Tem sido tempos interessantes. 
*Fonte*: IPMA

"TORNADO NA PRAIA DE ANGEIRAS, CONCELHO DE MATOSINHOS, 10 JANEIRO 2016

2016-01-12 (IPMA)

Na madrugada do passado dia 10 de janeiro, na praia de Angeiras, em Lavra, concelho de Matosinhos, ocorreu um episódio de vento muito forte traduzido por alguma destruição em vivendas, nomeadamente por destelhamentos, danos em janelas, persianas e, também, em viaturas. A natureza dos danos revela consistência com estragos tipicamente produzidos por um tornado.

O território do continente encontrava-se, então, sob a influência de uma depressão centrada sobre as ilhas britânicas. A respetiva perturbação frontal ondulava pelo norte da península Ibérica, encontrando-se a região Norte de Portugal continental, pelas 3 UTC (3 horas, hora local), ainda sob a influência de uma massa de ar tropical marítimo, situada no setor quente. Sobre a região, com uma orientação geral sudoeste-nordeste, propagavam-se diversas linhas de instabilidade, embebidas em ar relativamente estável e, àquela hora, era igualmente notória a presença de uma corrente de jato sobre a região, centrada a uma altitude em torno dos 300 hPa (9 quilómetros).

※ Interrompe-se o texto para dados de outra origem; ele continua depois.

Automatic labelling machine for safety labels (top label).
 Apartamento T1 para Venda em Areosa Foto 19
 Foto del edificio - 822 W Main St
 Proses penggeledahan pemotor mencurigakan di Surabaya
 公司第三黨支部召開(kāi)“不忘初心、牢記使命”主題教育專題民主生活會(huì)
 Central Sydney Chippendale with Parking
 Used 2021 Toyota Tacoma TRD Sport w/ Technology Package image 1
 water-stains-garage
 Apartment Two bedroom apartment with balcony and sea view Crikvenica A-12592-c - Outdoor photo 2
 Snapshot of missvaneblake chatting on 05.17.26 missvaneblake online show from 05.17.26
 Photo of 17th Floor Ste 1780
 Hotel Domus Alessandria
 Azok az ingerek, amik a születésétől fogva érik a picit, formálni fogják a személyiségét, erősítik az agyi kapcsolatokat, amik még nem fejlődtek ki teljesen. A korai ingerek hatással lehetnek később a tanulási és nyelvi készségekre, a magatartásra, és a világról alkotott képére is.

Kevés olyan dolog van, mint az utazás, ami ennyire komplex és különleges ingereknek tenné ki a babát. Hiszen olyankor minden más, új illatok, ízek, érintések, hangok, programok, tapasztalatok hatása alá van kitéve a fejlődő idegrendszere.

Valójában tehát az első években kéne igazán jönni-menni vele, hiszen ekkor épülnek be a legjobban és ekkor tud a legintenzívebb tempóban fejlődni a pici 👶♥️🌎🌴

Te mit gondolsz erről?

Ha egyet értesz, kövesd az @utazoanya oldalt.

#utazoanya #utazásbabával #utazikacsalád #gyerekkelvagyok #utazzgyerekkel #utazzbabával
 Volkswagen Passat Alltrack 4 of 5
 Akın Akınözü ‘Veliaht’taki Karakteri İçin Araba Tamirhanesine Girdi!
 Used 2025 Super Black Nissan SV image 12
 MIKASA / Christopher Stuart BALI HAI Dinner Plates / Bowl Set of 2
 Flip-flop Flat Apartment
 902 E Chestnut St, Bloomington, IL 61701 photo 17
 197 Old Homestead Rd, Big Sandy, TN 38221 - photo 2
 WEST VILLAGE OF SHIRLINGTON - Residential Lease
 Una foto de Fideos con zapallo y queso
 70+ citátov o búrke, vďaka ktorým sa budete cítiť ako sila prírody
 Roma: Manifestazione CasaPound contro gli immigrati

Embora a massa de ar fosse caraterizada por um conteúdo em humidade e condições de instabilidade relativamente modestos a uma escala sinótica, a referida corrente de jato poderá ter organizado e forçado movimentos verticais ascendentes mais fortes, a escalas locais, na região das linhas de instabilidade mencionadas. Este facto teve, aliás, correspondência com a presença de topos de nuvens acima de 6000 m de altitude, observados pelo radar de Arouca/Pico do Gralheiro (A/PG) na linha de instabilidade que se propagava sobre a região do Porto. O perfil vertical do vento que foi possível inferir da estação do radar de A/PG e de uma observação aerológica, mostra valores apenas moderados de wind shear, quer na camada 0-6 quilómetros, quer na camada 0-1 quilómetros. Não obstante estes valores relativamente modestos, as observações do radar evidenciaram a presença de diversas perturbações de pequena escala espacial e com ciclos de vida relativamente curtos as quais, ainda assim, apresentavam caraterísticas consistentes com o diagnóstico de supercélula (SC).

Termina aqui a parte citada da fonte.